Esta descripción de lo que los nativos hacen no es una pieza menor de la sociología pragmática, sino que resulta afín a su postulado central, según el cual “lo social ha desaparecido” (Latour, 2005/2008, p. 156). Y aún cuando la concepción subyacente a esta idea pueda considerarse una versión de la clásica crítica que el marxismo le realiza a la “segunda naturaleza” y a su coseidad, la diferencia fundamental es que en esta última perspectiva el cuestionamiento a esa solidificación de lo social no se equipara con su ausencia de consecuencias sobre las prácticas de los actores. Es este movimiento el que se pierde en el uso de la noción de mediación por parte de Latour. Su propuesta busca vitalizar lo “muerto”, es decir, lo social vuelto substancia, pero carece de herramientas conceptuales con las que aprehender el impacto de lo ya ensamblado sobre los performativos actos a través de los cuales se ensamblan asociaciones. No problematizar ese impacto, elaborando categorías a través de las cuales aprehenderlo al mismo tiempo que se capta la performativa producción del orden, es también abandonar toda interrogación acerca de cómo transformar lo ya ensamblado (pues en Latour, como vimos, tal transformación es necesaria, lo excepcional es la continuidad) y, con ello, cómo los actores pueden acrecentar sus márgenes de libertad frente a los condicionamientos provenientes de lo ya ensamblado.

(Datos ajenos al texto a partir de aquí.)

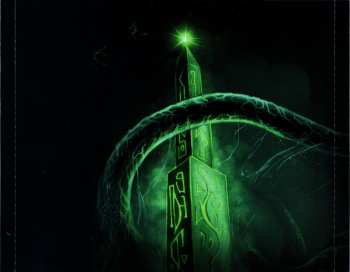 CD Revolting: Monolith Of Madness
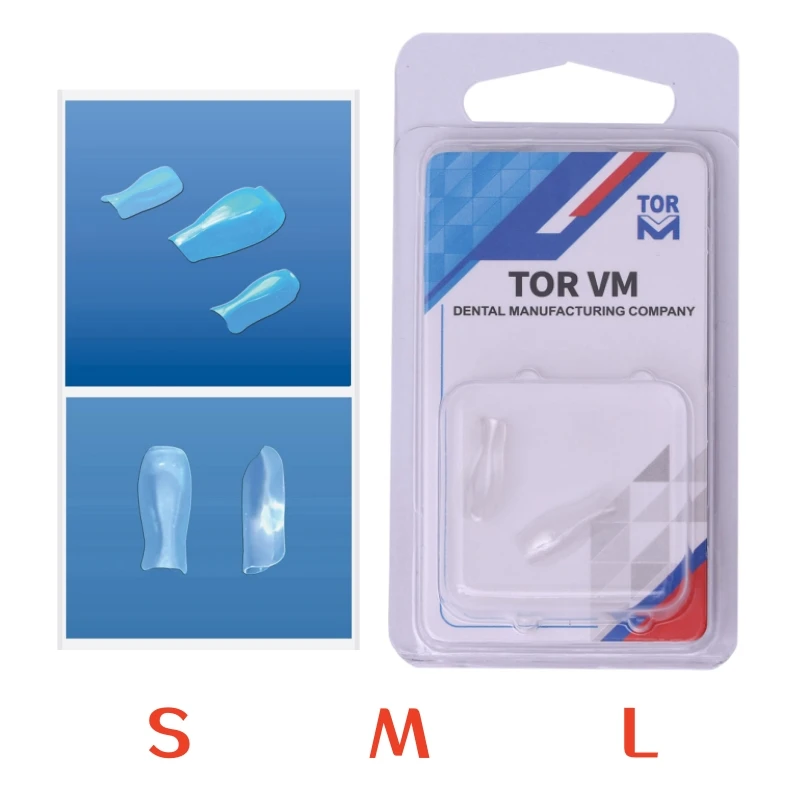 5 шт./упаковка TORVM Прозрачные матричные полоски для зубов Dental Clear Matrix Matrice BT Bow для коррекции передних зубов, черные, треугольные
5 шт./упаковка TORVM Прозрачные матричные полоски для зубов Dental Clear Matrix Matrice BT Bow для коррекции передних зубов, черные, треугольные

Es decir, aun cuando se coincida con la crítica que Latour realiza a la “substancialización” de lo social, lo que aquí se rechaza es la inversión especular que él concreta. Se puede aceptar que “lo que se llama ‘explicación social’ se ha vuelto una manera contraproducente de interrumpir el movimiento de las asociaciones” (Latour, 2005/2008, pp. 22-23, las cursivas son del original), pero a la vez considero que su propia teoría cae bajo una objeción homóloga, al interrumpir el movimiento por el cual lo ya ensamblado condiciona las asociaciones que se producen. Interrupción que, en el caso de Latour, está ligada a su detener el movimiento de la mediación, fijándola en un Imperio del Medio. Es esto lo que torna perceptible la importancia de mantener abierto dicho movimiento, sin diluir la participación y el peso de ninguna de las instancias involucradas, incluyendo a la subjetiva que Adorno tiende a licuar. Se trata de avanzar por el camino de la mediación, pero radicalizándola, sin buscar reposo en un nuevo fundamento, aun cuando ya no sea el de una pura naturaleza (o una pura cultura) sino el de los híbridos.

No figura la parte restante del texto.